January 24, 2007
Expected to soon pass in parliament, Germany's "Wettbewerbsstärkungsgesetz" (the "law to strengthen competition" in the health-care sector) leaves the central flaw in Germany's health-care system in place, says the Wall Street Journal.
Under the law:
- Private insurers would be forced to provide certain people with "basic" insurance at a discount.
- Insurers cannot refuse people who used to be privately insured but are now without coverage, those who are privately insured and are either above the age of 55 or have difficulties paying their premiums or anybody who wants to switch from the public system.
- The bill also caps the premiums for this basic insurance at around €500 ($650) a month, even if the customer's risk profile would demand a higher rate.
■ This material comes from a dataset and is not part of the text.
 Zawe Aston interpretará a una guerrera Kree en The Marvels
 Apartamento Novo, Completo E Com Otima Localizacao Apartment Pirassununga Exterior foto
In order to finance such "reforms," insurers would have to raise premiums for other customers by between 10 percent and 12 percent, according to estimates by an industry association. This would make regular polices less attractive and increase incentives among customers to switch to the "basic" coverage. The snowball effect could drive some insurers out of the market.
It is of course the government's right to legislate "basic" health-care coverage in its social policy, if it so chooses, says the Journal. But this kind of policy usually gets paid out of the state budget. To ask private companies to cough up the money directly, and even put their business in serious jeopardy, goes against the very idea of free enterprise.